The answer should hold only the lines from the one containing "Roland A800 pro - Foto 2" through the one containing "2109 E Spruce St, Algona, IA 50511" in the entries below, copied exactly, without pictures.

Available data Start Marker

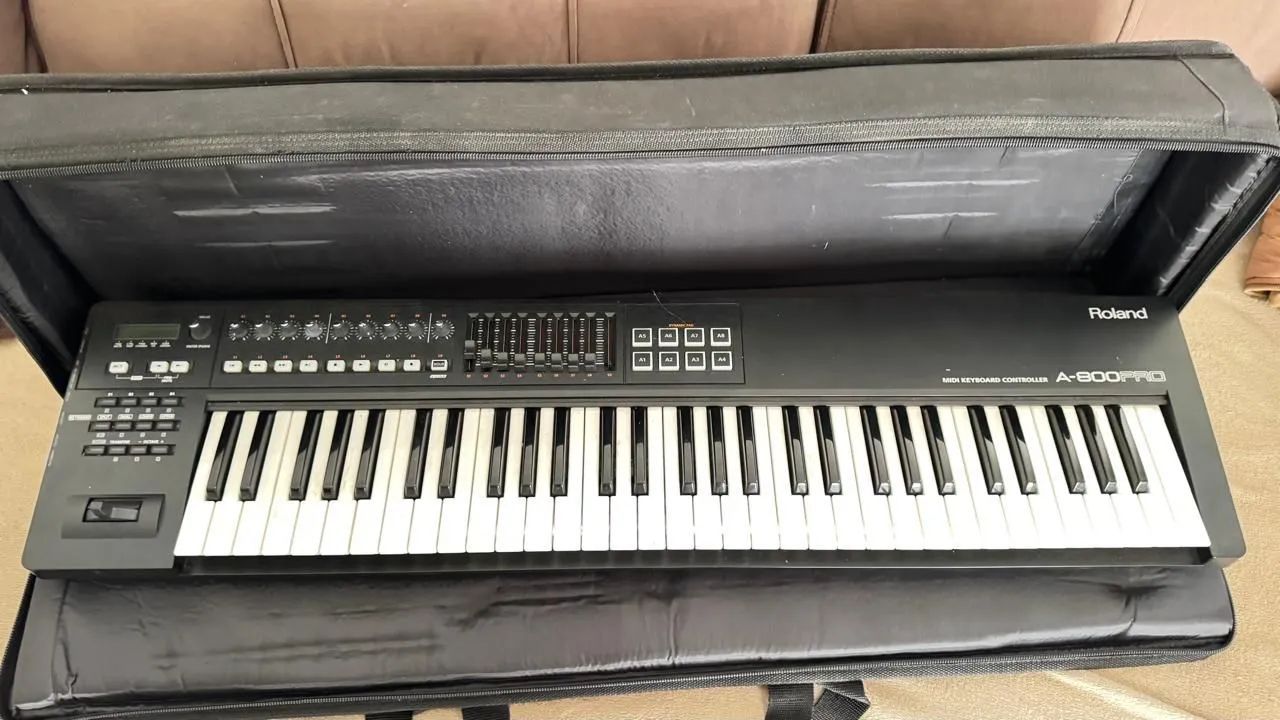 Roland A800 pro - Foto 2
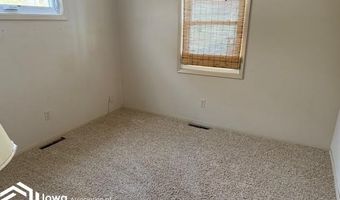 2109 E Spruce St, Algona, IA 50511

Available data End Marker
Available data Start Marker

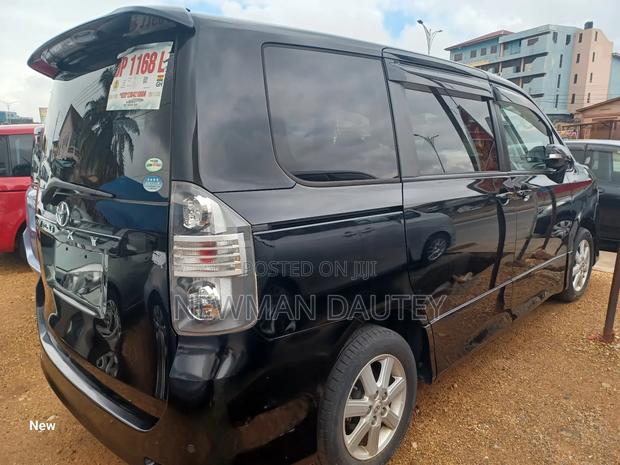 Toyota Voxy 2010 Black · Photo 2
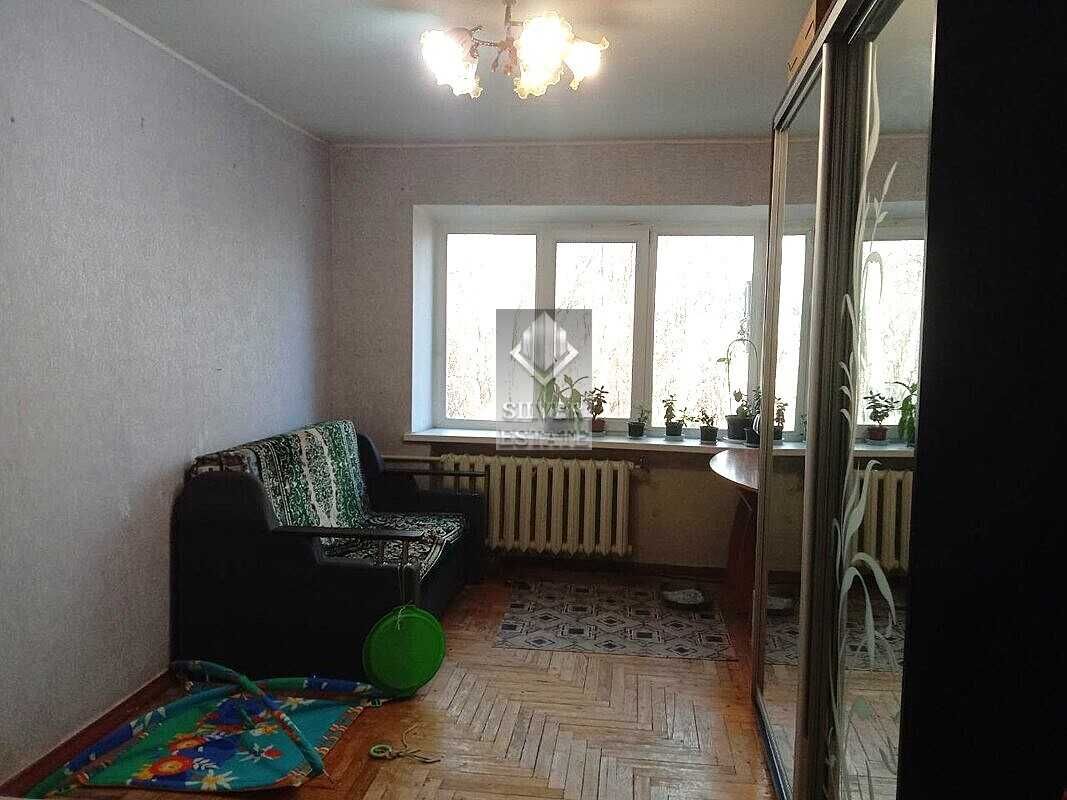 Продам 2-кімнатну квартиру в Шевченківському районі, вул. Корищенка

Available data End Marker
Available data Start Marker

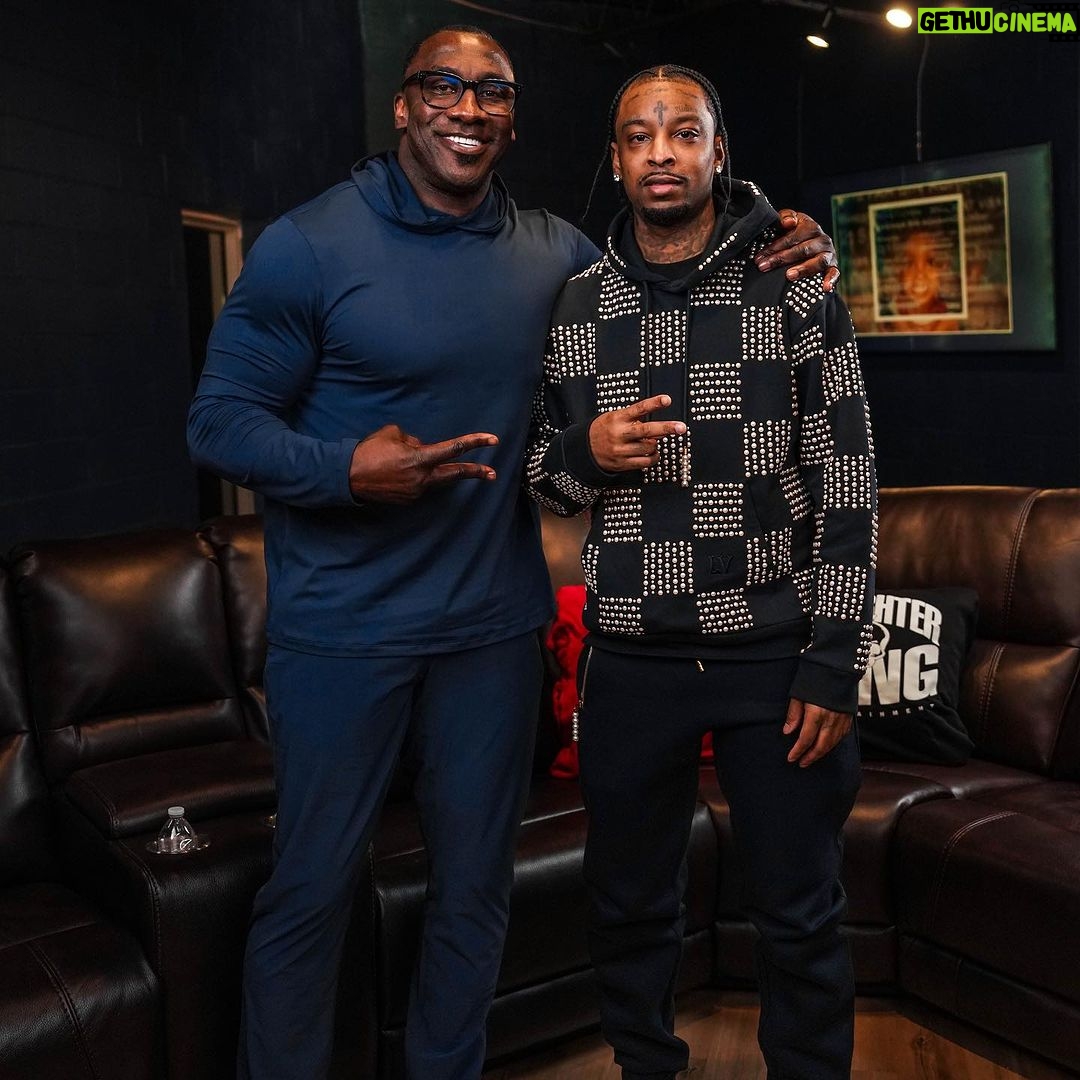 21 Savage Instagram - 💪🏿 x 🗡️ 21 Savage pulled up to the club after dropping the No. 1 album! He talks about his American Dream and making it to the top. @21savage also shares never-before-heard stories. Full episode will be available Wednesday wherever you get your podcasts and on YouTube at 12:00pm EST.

Available data End Marker

== Output ==
 Roland A800 pro - Foto 2
 2109 E Spruce St, Algona, IA 50511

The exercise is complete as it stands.